With that as background and starting point, we can see just how clever your Sebastian has been. In the ordinary case, a human's contract with a demon is terminated upon the completion of whatever service the demon has offered as consideration. The contractor dies, and the demon devours the contractor's soul, extinguishing it. At that point the contract and all the bindings formed pursuant to it are dissolved, and the demon is vulnerable once more.

Not so in this case. That your Sebastian remains your Sebastian, more than a century after you first encountered him, is an indication that his contract of the time remains in force. Yet we know that his then-contractor is long dead. The only possible conclusion, based on all the information available to us, is that rather than feed upon his contractor's soul, he has chosen to preserve and sustain it, and to seek his nourishment elsewhere. If so it is well hidden: I can find no trace of that soul in any of the realms to which I have access, suggesting that it is housed and guarded in a place beyond reach of any foreseeable attackers, ourselves very much included.

So the matter is not, as you had initially thought, a simple matter of identifying the correct summons.

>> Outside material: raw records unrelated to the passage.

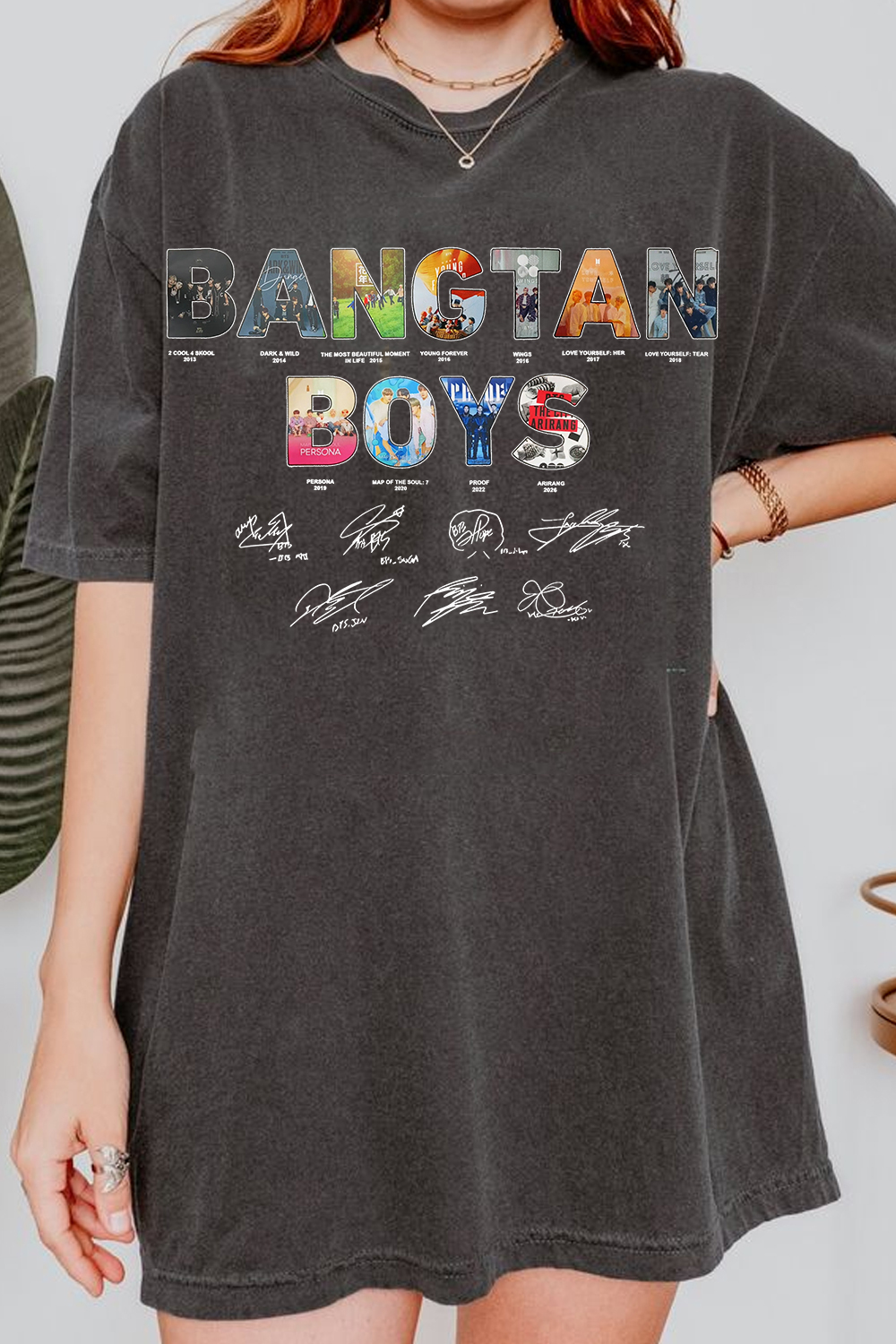 BTS Bangtanboys Tee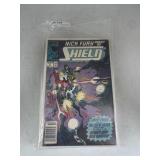 13 Marvel Comic Books: Nick Fury Agent of Shield #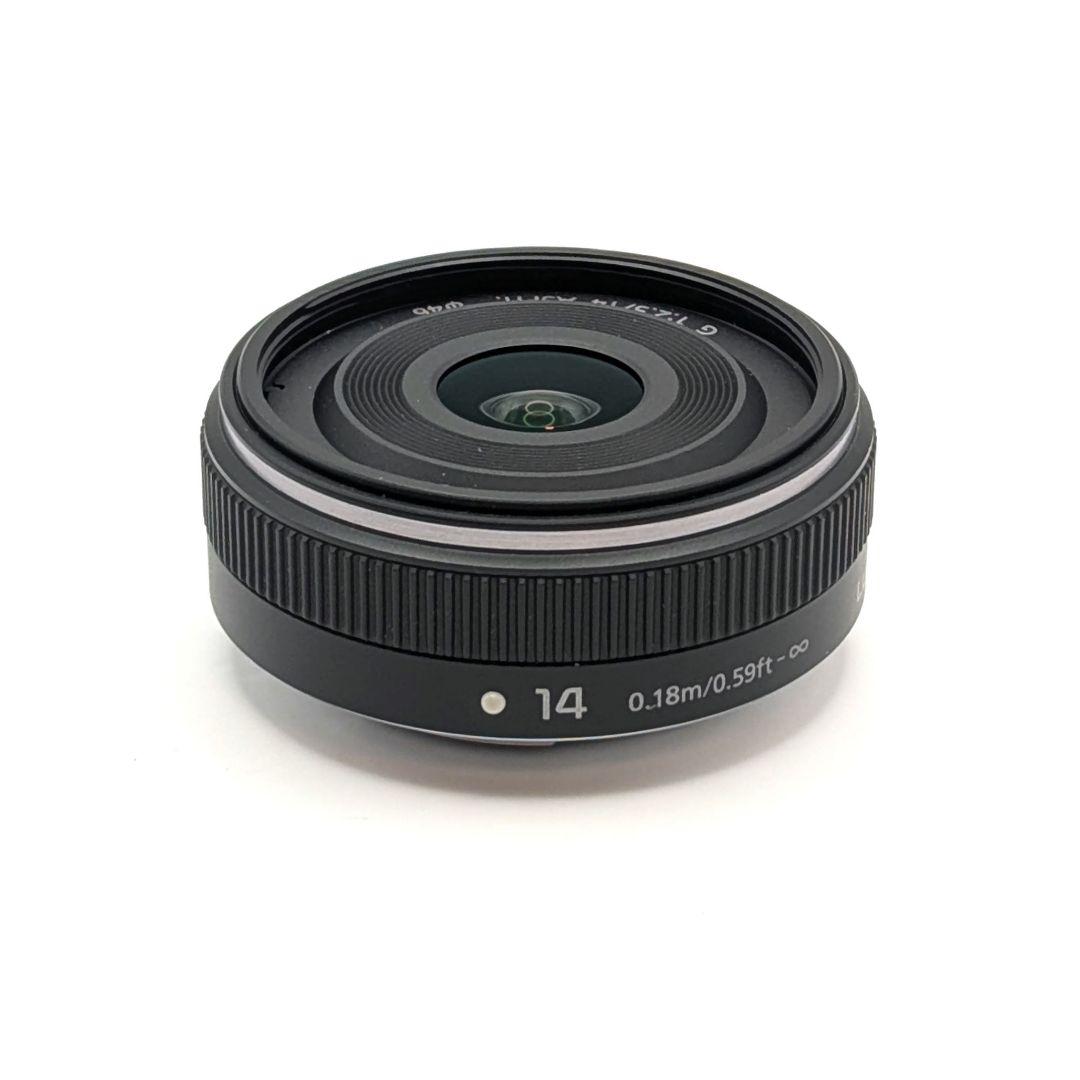 Panasonic LUMIX G 14mm f2.5 II ASPH. 美品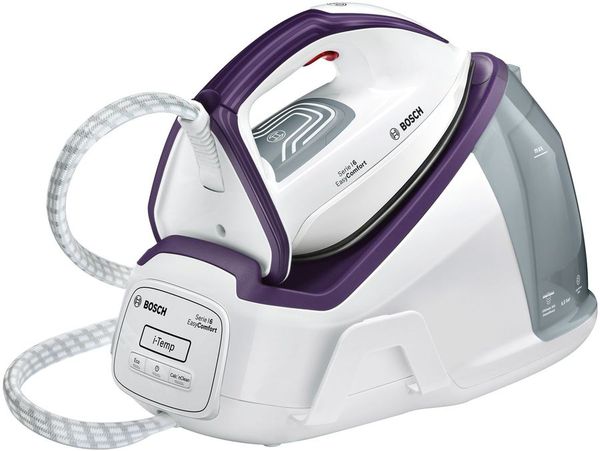 Паровая станция Bosch TDS6110 белый/фиолетовый
Паровая станция Bosch TDS6110 белый/фиолетовый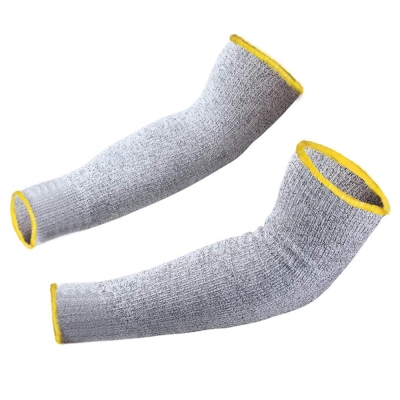 Cut Resistant Knitted Sleeve made from HPPE 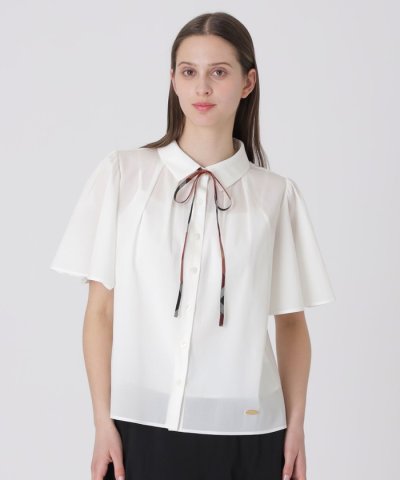 【取扱店舗限定】オーガンジーブラウス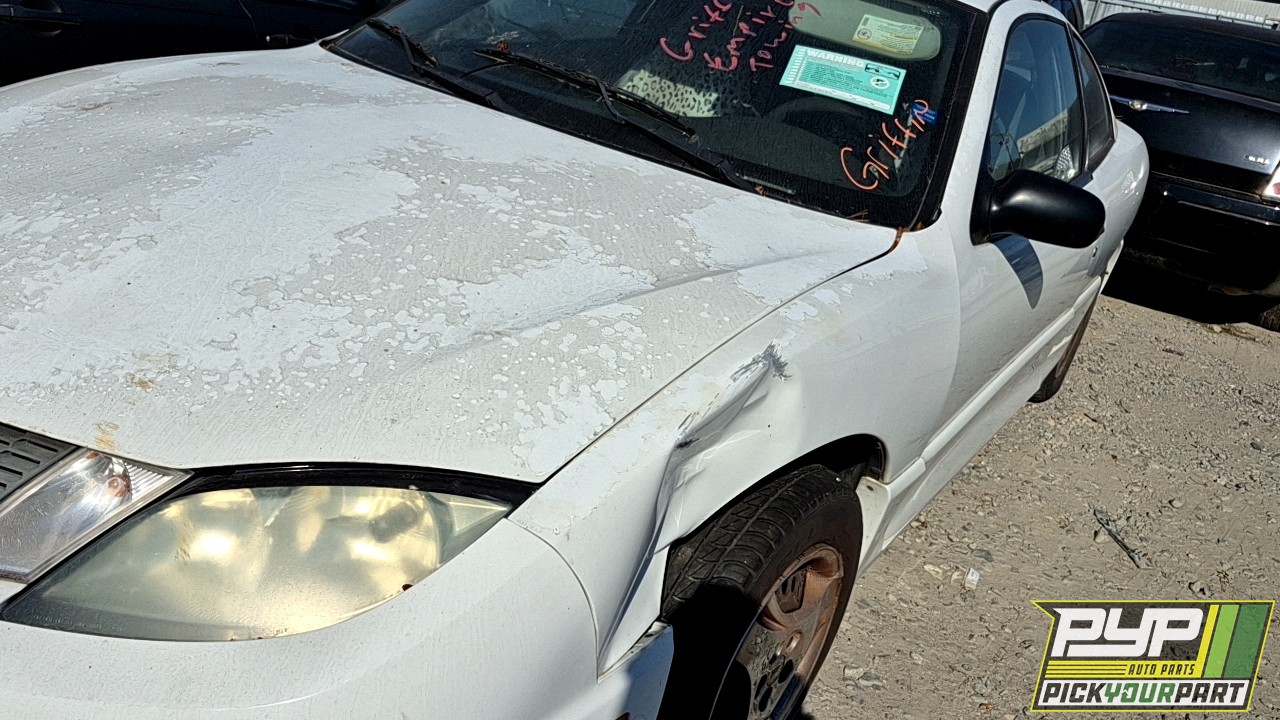 2004 PONTIAC SUNFIRE partes disponibles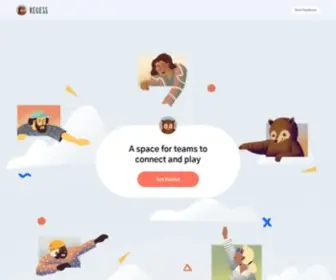 Teamrecess.com(Recess) Screenshot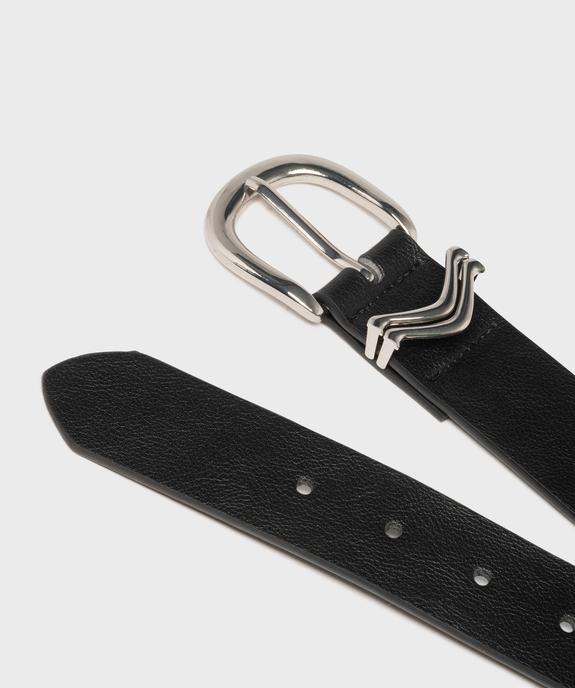 Ceinture lisse à passants fantaisie femme vue2 - GEMO (ACCESS) - GEMO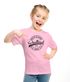 Kinder Mädchen T-Shirt Schulkind mit Name Jahreszahl Erste Klasse Logo-Design personalisiert Geschenkidee Einschulung 2025 SpecialMe®preview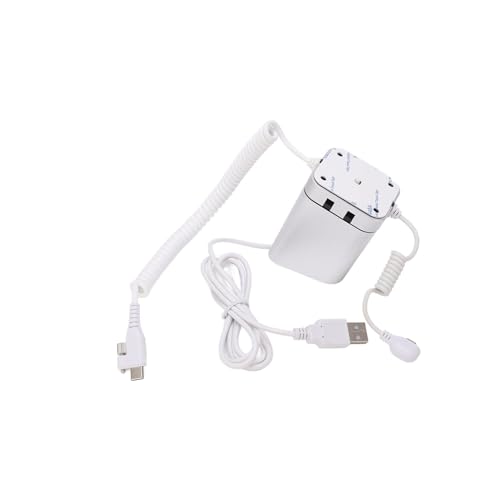 Display Stand, Anti Theft Cell Phone Display Stand,Greater Than Or Equal to 100dB Security Alarm, Fast Charging Infrared Remote Control Unlock for Exhibition(for Android Port, Without claw)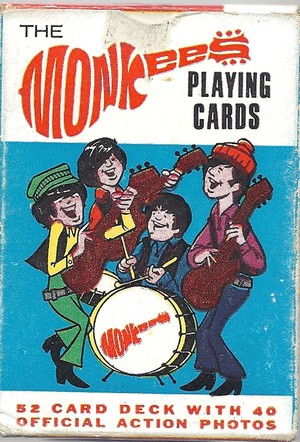  Monkees Playing Cards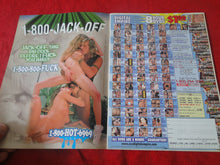 Load image into Gallery viewer, Vintage Nude Erotic Sexy Adult Magazine Adult Cinema Review October 2004 P81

We are faced with an accretion of bindings laid over the course of more than a century, under which each party has bound the other countless times, in ever more intricate and idiosyncratic patterns. It will be an armor that by now may be invulnerable to any attack. To succeed, we would need to undo the layers of spells one by one, in the correct sequence, and there would be no room for error.

The practical challenges will be obvious to you. The process would be a lengthy one, and I do not currently see a way to do it that would not attract our target's attention. And in the absence of any effective means of binding him at once, his attention would be, let us say, unhelpful. A direct attack on the underlying contract, even if it were possible, would be counterproductive; should we succeed, we would only destroy the very Sebastian we wish to bind. (A demon would remain, to be sure. But not, perhaps, a demon you wanted.) Destroying the contractor, should that prove to be possible, would have similarly unfortunate results. (Yes, I do realize you would very much like to. I'm sorry.) Nor can we approach the problem indirectly by summoning and binding the contractor, who, if we could find him, is guarded from such an attack by the very same contract that protects Sebastian.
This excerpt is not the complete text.